Graymoor Mountain, home of a Franciscan order I joined back in 1943 as a minor (high school level) seminarian, was such a place of pilgrimage accessible to Metropolitan New York. Since the early 1900’s busloads of blue collar (Irish and Italian) Catholics came rolling up the mountain to visit St. Anthony’s Shrine, attend outdoor Masses and Benediction, light dollar size candles, buy religious articles – and basically enjoy a day far removed from the dinginess of the city. As a seminarian I was assigned work every such Sunday. Sometimes it was in the cafeteria. My job was to stand behind the hot pans of food and, as people passed by with their trays, to ladle a touch of gravy upon each mound of mashed potatoes. Otherwise I was assigned to the religious article shop – to the low cost items: rosaries, medals (miraculous, St. Christopher, etc.), prayer books, (no mezuzahs), crucifixes, statuettes, . . . After a week at that counter I had learned an essential economic skill that I’ve never forgotten: the ability to make change.
A noteworthy change occurred during those years. Word about Graymoor reached African-Americans living in Harlem. Considering the discrimination, the cramped urban living conditions, their limited access to the refreshing freedom of the Hudson highlands in the 1940’s, the possibility of a pilgrimage to Graymoor struck a chord. Soon busloads of Harlem Baptists were winding up the mountain to park amid the blue collar Catholics.
Now the Harlem Baptists were a lively bunch. This did not sit well with Fr. Aloysius Craven, Irish born and with a brogue as thick as that of Barry Fitzgerald. In a state of panic before every outdoor Mass, Fr. Aloysius would mount the outdoor pulpit and shout, “Only Catholics can go to Holy Communion during the Mass.” The Harlem Baptists who numbered half the congregation all nodded their assent. Nevertheless when Communion time arrived the Harlem Baptists came up en masse (so to speak) and nothing could be done about it. To attempt to sort out Catholic from Baptist along the communion rail would have jammed the gears of the whole liturgy. And so despite Fr. Aloysius’ restrictions the Bread of Life made its way into Baptist souls.

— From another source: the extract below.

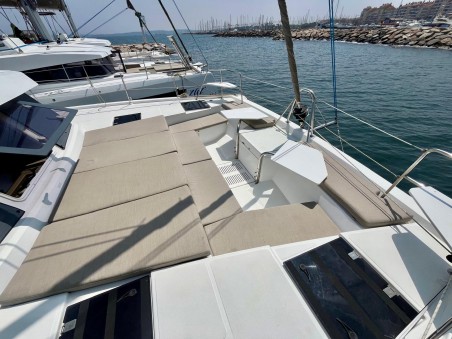 Catana Group Bali Catspace OW Les Evadees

That in itself was a boon worth pilgrimaging up to Graymoor to receive. But were such events forecasts of an even larger boon to come within thirty years: an integration of peoples, solidarity among churches, a chance for once segregated people to breathe free, to be free? To which did not Graymoor as a place of pilgrimage make its small if confused but – well ahead of time – contribution?
From every mountainside / Let freedom ring.